_WHAT IS NEEDED_
Would you transcribe the line containing "Старинный сад Ю в Китае фото 3" and every line after it, through the end of the records below, exactly and with nothing else?

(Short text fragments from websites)
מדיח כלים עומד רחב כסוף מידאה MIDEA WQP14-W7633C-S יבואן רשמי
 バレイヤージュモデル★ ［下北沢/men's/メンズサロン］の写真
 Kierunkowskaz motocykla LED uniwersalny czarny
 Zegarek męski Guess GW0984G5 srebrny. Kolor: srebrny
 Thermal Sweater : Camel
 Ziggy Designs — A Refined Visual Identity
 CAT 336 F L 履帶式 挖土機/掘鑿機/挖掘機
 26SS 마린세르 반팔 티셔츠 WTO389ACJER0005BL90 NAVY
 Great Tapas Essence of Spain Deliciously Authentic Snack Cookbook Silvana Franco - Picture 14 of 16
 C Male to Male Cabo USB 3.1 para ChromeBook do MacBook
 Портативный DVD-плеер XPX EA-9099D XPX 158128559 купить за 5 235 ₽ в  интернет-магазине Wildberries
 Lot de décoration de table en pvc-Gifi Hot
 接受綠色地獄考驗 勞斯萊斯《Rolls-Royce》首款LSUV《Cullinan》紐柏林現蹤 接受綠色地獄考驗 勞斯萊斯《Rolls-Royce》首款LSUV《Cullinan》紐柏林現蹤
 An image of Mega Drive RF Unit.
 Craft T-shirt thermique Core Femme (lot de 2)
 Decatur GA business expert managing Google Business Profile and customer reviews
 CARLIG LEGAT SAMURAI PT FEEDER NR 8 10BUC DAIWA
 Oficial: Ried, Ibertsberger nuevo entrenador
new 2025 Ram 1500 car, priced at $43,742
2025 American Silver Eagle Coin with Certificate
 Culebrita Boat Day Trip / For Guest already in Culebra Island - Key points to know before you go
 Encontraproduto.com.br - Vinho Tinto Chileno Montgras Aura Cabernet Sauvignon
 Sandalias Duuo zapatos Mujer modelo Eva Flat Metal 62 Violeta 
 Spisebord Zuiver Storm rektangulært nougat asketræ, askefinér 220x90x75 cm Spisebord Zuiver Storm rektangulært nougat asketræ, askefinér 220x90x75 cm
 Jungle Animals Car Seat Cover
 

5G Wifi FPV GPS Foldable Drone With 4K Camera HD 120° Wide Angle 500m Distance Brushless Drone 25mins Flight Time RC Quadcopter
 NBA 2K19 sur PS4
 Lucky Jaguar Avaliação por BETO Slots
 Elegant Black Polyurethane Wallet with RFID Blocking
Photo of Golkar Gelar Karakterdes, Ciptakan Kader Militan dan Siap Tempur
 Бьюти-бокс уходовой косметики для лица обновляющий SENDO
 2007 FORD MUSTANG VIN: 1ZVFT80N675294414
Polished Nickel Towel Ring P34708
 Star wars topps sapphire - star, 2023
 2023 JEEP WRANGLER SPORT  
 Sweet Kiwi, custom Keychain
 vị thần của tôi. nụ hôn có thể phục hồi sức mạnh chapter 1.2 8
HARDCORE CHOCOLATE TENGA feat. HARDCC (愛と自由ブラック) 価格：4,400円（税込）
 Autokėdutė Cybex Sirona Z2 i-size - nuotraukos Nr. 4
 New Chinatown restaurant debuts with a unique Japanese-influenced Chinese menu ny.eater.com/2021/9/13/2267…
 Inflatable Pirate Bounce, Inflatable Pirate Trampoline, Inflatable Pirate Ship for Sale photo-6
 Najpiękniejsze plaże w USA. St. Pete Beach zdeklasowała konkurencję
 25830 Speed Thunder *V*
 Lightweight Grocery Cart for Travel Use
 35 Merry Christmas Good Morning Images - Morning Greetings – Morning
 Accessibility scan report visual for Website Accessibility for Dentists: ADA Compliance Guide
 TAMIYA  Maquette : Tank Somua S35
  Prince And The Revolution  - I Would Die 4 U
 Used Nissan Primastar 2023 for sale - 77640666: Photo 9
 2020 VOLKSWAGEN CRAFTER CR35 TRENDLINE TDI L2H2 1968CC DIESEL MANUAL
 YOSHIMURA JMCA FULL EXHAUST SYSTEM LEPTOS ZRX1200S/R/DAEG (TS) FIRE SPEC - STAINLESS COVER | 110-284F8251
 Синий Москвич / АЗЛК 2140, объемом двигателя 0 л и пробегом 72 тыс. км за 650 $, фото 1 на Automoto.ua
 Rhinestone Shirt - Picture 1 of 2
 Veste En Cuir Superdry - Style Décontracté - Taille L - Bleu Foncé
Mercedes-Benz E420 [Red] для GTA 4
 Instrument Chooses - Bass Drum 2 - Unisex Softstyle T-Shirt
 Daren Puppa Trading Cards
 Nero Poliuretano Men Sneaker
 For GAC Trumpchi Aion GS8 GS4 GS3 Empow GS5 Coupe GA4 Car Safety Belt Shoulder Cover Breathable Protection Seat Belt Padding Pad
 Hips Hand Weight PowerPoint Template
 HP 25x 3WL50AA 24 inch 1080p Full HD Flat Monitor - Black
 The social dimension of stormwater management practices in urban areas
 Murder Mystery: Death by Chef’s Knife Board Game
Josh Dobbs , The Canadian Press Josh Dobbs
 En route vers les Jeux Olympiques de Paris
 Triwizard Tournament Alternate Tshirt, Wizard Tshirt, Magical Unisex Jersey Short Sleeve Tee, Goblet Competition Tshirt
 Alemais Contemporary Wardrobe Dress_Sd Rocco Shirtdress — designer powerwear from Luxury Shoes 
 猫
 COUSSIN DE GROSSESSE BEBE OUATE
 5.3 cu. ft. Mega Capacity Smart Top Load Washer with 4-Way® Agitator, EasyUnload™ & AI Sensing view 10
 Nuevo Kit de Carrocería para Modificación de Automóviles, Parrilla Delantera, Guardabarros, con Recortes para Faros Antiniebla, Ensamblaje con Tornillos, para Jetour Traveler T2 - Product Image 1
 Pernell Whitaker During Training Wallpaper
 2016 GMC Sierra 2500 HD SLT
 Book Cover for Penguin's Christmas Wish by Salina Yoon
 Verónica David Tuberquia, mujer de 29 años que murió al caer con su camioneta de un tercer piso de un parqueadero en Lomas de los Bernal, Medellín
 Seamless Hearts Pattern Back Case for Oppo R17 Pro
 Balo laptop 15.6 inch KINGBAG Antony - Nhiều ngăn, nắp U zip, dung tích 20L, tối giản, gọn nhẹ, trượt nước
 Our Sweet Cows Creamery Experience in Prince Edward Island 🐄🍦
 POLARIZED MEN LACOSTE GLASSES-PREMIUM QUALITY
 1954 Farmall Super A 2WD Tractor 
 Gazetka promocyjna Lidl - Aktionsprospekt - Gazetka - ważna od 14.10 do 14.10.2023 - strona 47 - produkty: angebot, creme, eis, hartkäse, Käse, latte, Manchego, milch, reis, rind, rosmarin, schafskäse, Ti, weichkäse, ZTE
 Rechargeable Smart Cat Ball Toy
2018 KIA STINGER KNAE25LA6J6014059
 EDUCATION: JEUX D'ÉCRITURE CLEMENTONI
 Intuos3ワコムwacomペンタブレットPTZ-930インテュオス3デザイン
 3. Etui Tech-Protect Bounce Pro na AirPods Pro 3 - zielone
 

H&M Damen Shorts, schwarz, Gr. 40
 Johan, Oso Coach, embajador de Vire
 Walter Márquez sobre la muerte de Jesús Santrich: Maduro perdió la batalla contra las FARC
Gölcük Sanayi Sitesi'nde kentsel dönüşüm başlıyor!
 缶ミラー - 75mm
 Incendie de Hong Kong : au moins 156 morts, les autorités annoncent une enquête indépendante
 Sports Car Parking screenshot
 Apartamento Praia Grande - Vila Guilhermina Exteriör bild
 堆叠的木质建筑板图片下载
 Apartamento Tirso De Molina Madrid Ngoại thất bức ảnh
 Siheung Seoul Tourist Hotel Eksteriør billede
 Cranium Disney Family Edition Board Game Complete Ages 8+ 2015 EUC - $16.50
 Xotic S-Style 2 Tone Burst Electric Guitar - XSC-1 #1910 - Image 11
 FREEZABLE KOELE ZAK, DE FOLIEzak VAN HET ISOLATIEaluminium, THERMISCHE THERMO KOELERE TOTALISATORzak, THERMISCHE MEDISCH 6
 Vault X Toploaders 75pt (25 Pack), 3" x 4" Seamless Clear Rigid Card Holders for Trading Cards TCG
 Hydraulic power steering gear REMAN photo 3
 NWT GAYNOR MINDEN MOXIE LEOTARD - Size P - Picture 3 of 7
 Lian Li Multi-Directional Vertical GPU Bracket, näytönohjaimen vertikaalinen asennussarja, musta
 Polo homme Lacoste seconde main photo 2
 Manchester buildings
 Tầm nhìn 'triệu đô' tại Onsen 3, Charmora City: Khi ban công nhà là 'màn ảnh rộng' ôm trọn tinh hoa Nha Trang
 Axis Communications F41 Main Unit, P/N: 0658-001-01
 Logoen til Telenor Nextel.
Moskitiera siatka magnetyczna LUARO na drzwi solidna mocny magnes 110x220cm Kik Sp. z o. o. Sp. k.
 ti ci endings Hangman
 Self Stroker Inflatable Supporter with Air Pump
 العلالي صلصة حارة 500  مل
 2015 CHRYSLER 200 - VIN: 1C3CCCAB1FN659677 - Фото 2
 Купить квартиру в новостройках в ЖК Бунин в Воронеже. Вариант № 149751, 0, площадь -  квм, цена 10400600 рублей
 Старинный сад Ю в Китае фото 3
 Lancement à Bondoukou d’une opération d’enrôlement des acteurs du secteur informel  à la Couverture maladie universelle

_RESULT FOR THIS TASK_
 Старинный сад Ю в Китае фото 3
 Lancement à Bondoukou d’une opération d’enrôlement des acteurs du secteur informel  à la Couverture maladie universelle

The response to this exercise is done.